Of course, you might wonder why do circuits at all? Here are five kick-butt reasons to workout circuit style.

You Should Do a Circuit Workout When You Need a Low-Impact Workout that Still Gets Your Heart Rate Up

When your feet or legs are a little achy from too much jumping and high-impact exercise, a circuit workout will get your heart rate up while your legs stay on the ground. Research shows circuit workouts, with no rest between sets, offers cardiovascular benefits without pounding your joints. In fact, some studies show circuit workouts elicit greater improvements in aerobic capacity than moderate-intensity aerobic exercise, assuming you rest less than 30 seconds between each exercise.

How effective a circuit workout is for cardiovascular fitness will depend on the exercises you choose. You’ll get more benefits if you include more compound exercises that work large muscle groups or incorporate some power moves like kettlebell swings or focused cardio circuits. To keep it low-impact, you can always include cardio moves where one foot stays on the floor.

You Should Do a Circuit Workout When Your Motivation Could Use a Boost

Another benefit of circuit workouts is the variety this type of training offers. Whether you’re short on motivation or simply bored with your current routine, circuit training offers all the diversity you need to get your mojo back. It’s a fun, boredom-busting way to work out that you can customize to meet your goals. It’s hard to get bored when you’re constantly moving from one exercise to the next without stopping.
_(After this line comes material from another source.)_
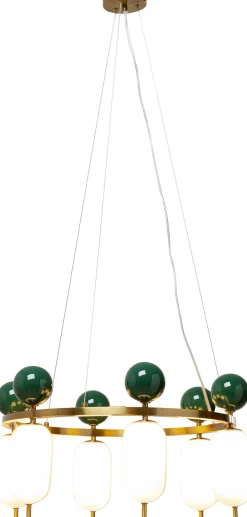 Lampa Wisząca Nowoczesna Złota Klosze Szklane Białe Ø68 Cm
You Should Do a Circuit Workout When You Don’t Have Access to Equipment

No equipment? No problem. You can do a circuit workout using only your own body weight as resistance. For example, a circuit of push-ups, squats, planks, wall sits, and abdominal crunches works all of the major muscle groups without equipment. Throw in some cardio circuits like jumping jack or jump squats to boost your heart rate. It’s a good workout when you’re confined to a hotel room. Of course, you can always add extra resistance using dumbbells, barbells, or resistance bands if you have them available. That’s how flexible circuit training is.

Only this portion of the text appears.